The Scholar Who Walks the Night: Eps 5 - 8; Followed by a note on Taekkyon
March 2, 2021 9:02 AM - Season 1, Episode 5 - Subscribe

I mean it's really hard to chase a coherent narrative thread through these chunks of episodes. Plans are made, fail, and are repeated to fail again. The complicated momentum of the story stutters; the visuals remain fabulous. Kim Seong Yeol and Yang Seon begin a dance of fascination round each other.

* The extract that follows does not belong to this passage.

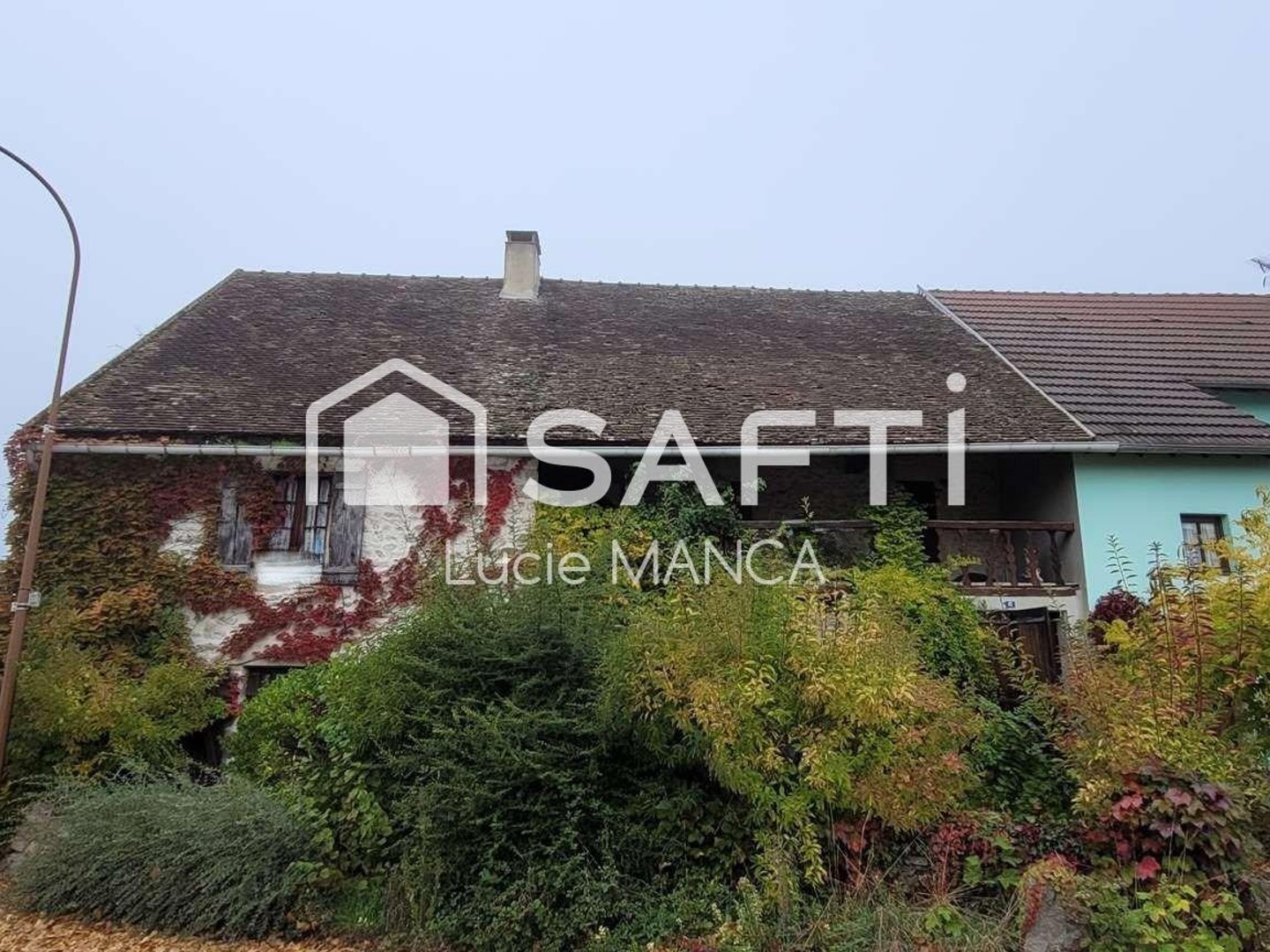 Maison à vendre - 8 pièces - 241m2 - Saint-Eusèbe (71210)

The existence of Gwi is not generally known outside of inner court circles. The King, Lee Yoon's grandfather, is a puppet and must appear obedient to Gwi even to extent of having earlier given up his own son, former Crown Prince Sadong, to be murdered for insurrection. The Prime Minister supports Gwi with enthusiastic self-interest, the King has his own plans which depend on the Prince's survival and which the latter's covert rebellion threaten. As the series advances Lee Yoon's position becomes trickier and his actions and subterfuges more desperate and compromised. Meanwhile Gwi becomes aware through the various appearances + rescues + mysterious background etc of cross-dressing-young-bookseller Yang Seon, that Kim Seong Yeol is back in the game. Gwi is provoked into throwing his weight around and murdering entire classes of people he suspects of plotting against him, beginning with the booksellers.

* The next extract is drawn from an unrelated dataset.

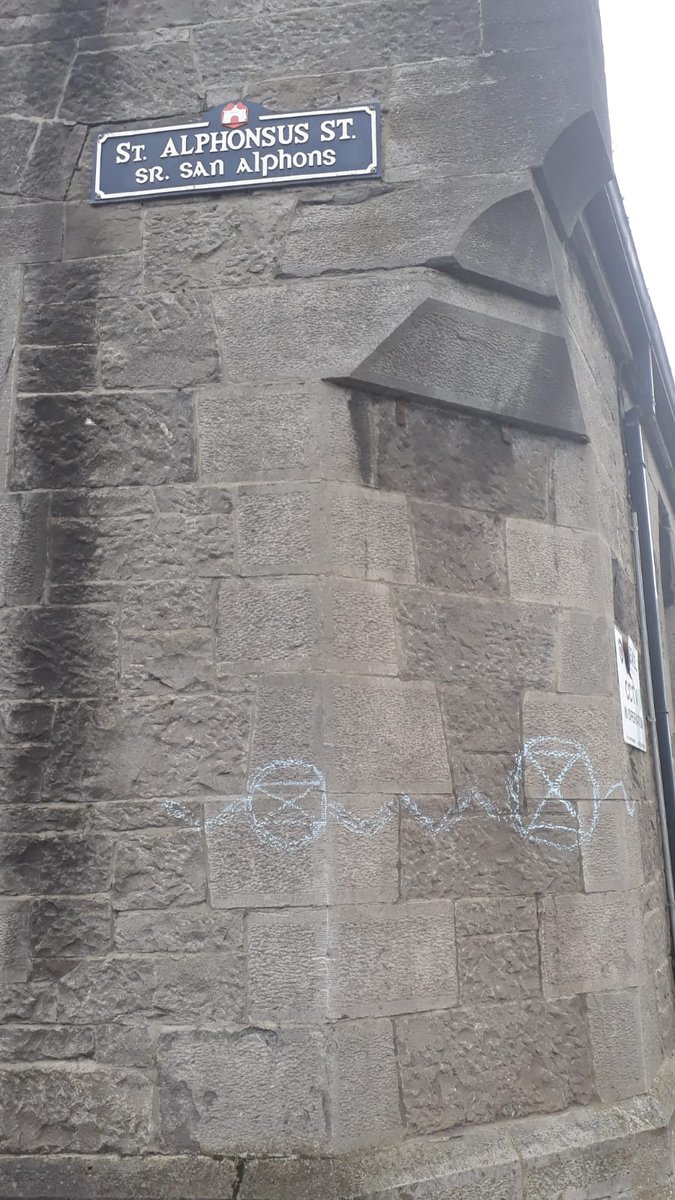 XRLimerick's tweet photo. :( I'm going to miss the old place

52.658747, -8.638676
#ClimateActionNow #Ilivesimply #climatechange #environment #ClimateAction #ClimateCrisis #bluechalkcampaign #ExtinctionRebellion https://t.co/TtZOG3iosN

KSY is no match for Gwi partly because he is younger (Gwi is ancient) and mostly because he is reluctant to feed on humans and isn't ever operating at full strength. But Gwi has Yang Seon's scent and there's another chase through the woods ending with Gwi immobilised by sunlight - KSY tried to hold him in it to destroy him but wasn't strong enough - and a desperately wounded KSY holed up in a hut with Yang Seon. His people come and get him and take him home to the restorative he needs, a presumably villainous bloke tied up in study. Cue much agonising later.

By the next day he decides to throw in with Lee Yoon and proceeds to rescue the bunch of scholars arrested for the next massacre, telling them he himself is Lustful Scholar. After the scholars have been sent to safety he supports their families with food money and land, again under the name of Lustful Scholar. Public sentiment turns towards Lustful Scholar and against what is understood to be the government but is actually the caprice of a blood-sucking monster. Oh yeah in this bunch of episodes Yang Seon turns out to have magical vampire-healing delicious blood, leading to KSY repeatedly trying to send her away, since he craves it.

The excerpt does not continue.